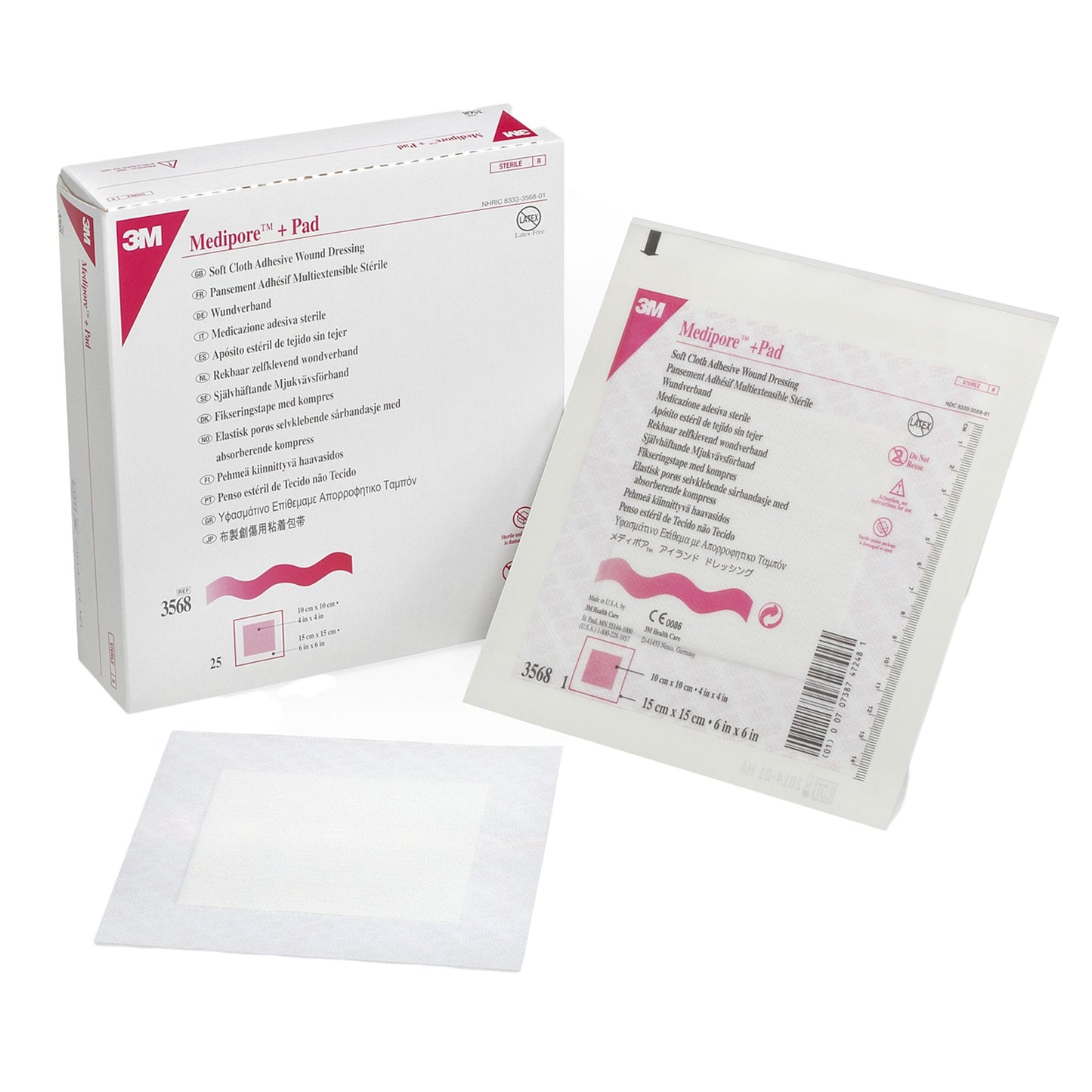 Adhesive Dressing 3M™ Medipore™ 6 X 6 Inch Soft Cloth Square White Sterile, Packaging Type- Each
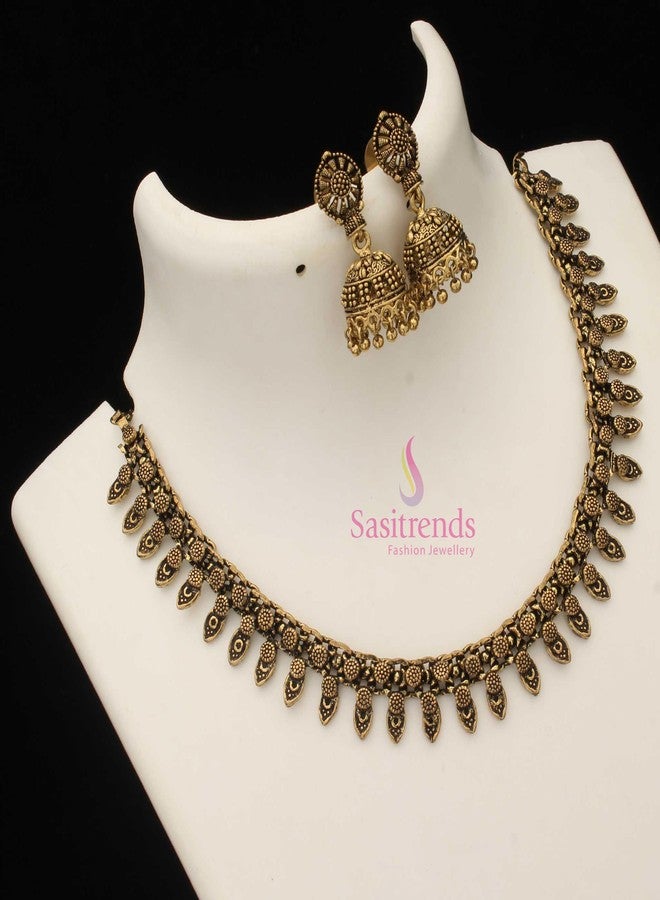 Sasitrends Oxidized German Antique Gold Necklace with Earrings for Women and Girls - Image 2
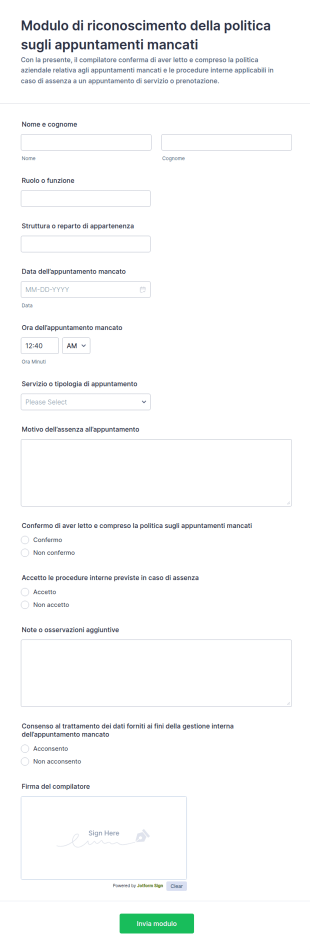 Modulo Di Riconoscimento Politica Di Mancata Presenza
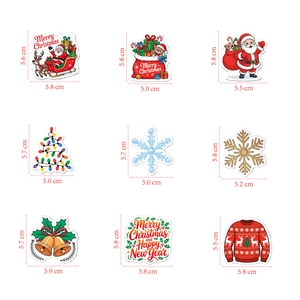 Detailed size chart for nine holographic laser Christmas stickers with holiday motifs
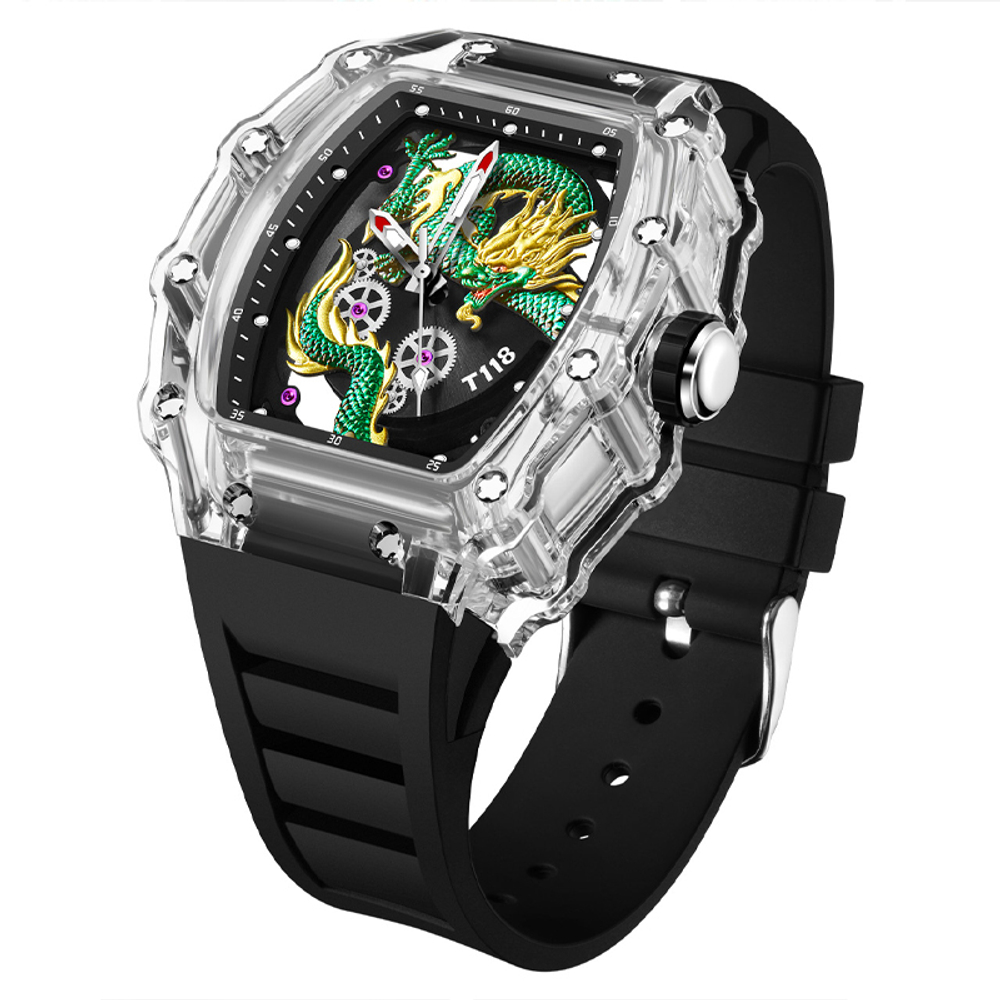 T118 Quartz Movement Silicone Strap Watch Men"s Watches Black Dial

> [Work required]
Omit the images and transcribe all of the records above word for word.

> [Answer section]
 Adhesive Dressing 3M™ Medipore™ 6 X 6 Inch Soft Cloth Square White Sterile, Packaging Type- Each
 Sasitrends Oxidized German Antique Gold Necklace with Earrings for Women and Girls - Image 2
 Modulo Di Riconoscimento Politica Di Mancata Presenza
 Detailed size chart for nine holographic laser Christmas stickers with holiday motifs
 T118 Quartz Movement Silicone Strap Watch Men"s Watches Black Dial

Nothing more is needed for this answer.